Le plus difficile est de synchroniser les différentes parties – et l’armée ukrainienne, bien qu’adaptée aux manœuvres à petite échelle, a une expérience limitée des opérations interarmes à cette échelle, ont déclaré des analystes.

En outre, les forces ukrainiennes ont perdu une grande partie de leurs soldats les plus expérimentés, ayant subi environ 120 000 pertes. Documents de renseignement américains prétendument divulgués ont suggéré que la contre-offensive pourrait être “bien en deçà” des objectifs de Kiev.
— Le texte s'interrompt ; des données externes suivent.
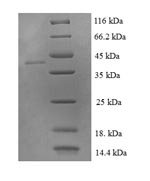 Human LIM domain-containing protein 2 (LIMD2) Recombinant Protein - BioCrest Sci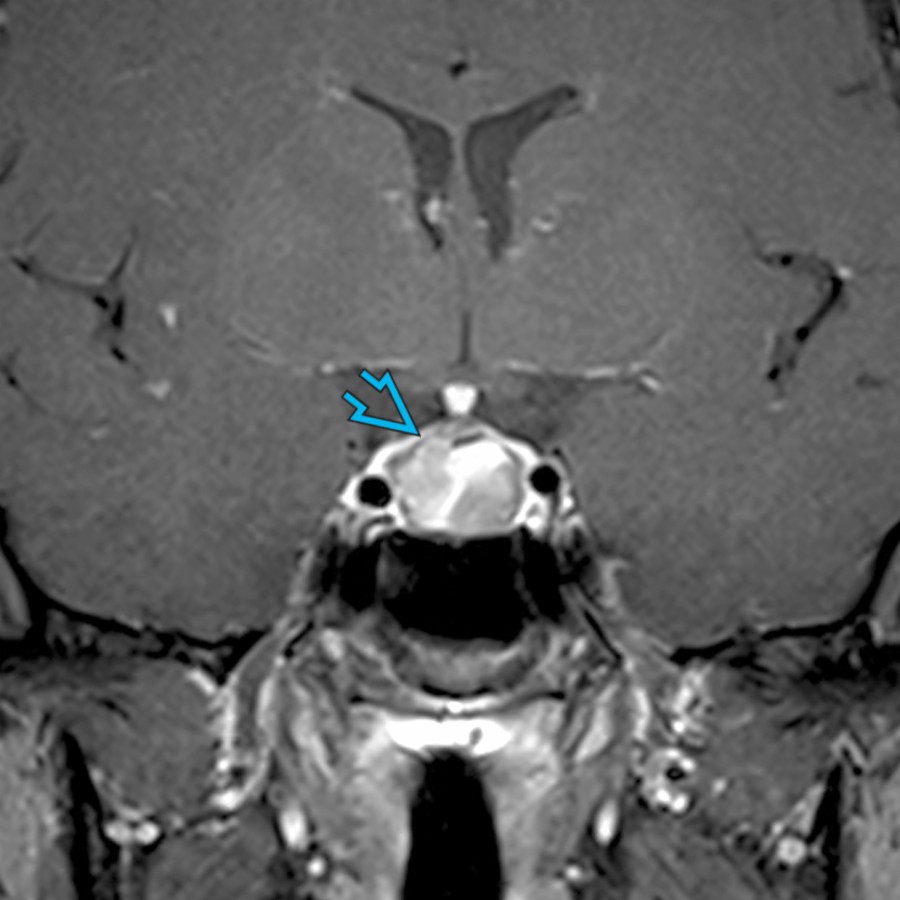 Coronal T1 C+ MR in a 43-year-old woman  with elevated prolactin shows a hemorrhagic intrasellar macroadenoma . Macroadenomas are > 10 mm and most commonly extend through the diaphragma sella into the suprasellar cistern. Displacement of the infundibulum is common.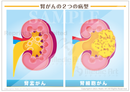 腎がんの２つの病型［シート］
Pourtant, l’armée ukrainienne a été sous-estimée auparavant, comme lorsqu’elle a défié les évaluations militaires occidentales l’année dernière et a repoussé les forces russes autour de la capitale, puis de la ville de Kharkiv, dans le nord-est du pays. La Russie a également perdu près de deux fois plus d’hommes depuis l’invasion à grande échelle, selon les évaluations occidentales. De plus, les troupes ukrainiennes sont mieux équipées et entraînées que leurs ennemis.

“Si l’attaque ukrainienne est dure et rapide et passe derrière les Russes, la ligne de front se défait et les Russes courent. . . tout comme ils l’ont fait lors de la contre-offensive autour de Kharkiv », a déclaré Glen Grant, ancien officier de l’armée britannique et conseiller du comité de défense du parlement ukrainien.

Si cela se produit, les défenses que les Russes ont préparées s’avéreront également largement sans valeur, permettant à davantage de forces ukrainiennes de se déverser à travers la brèche dégagée.

“C’est une vieille maxime que les travaux de terrassement non défendus ne vous tuent pas”, a ajouté Grant. “Et puis les Ukrainiens pourront continuer aussi longtemps que dureront leurs plans et leur logistique.”